▶ _Data for this exercise_
* * * *

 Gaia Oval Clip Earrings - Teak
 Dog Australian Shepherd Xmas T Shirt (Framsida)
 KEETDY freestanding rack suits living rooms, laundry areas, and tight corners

* * * *

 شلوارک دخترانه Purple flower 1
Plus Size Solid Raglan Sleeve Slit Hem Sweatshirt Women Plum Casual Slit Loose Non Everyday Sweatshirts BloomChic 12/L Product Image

* * * *

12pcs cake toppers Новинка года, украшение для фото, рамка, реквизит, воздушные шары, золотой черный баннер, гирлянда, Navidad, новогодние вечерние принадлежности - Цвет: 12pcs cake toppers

* * * *

▶ _What the task requires_
From the entries above, restate word for word the lines from the line containing "Gaia Oval Clip Earrings - Teak" to the line containing "KEETDY freestanding rack", both ends included, and nothing more.

▶ _Response box_
 Gaia Oval Clip Earrings - Teak
 Dog Australian Shepherd Xmas T Shirt (Framsida)
 KEETDY freestanding rack suits living rooms, laundry areas, and tight corners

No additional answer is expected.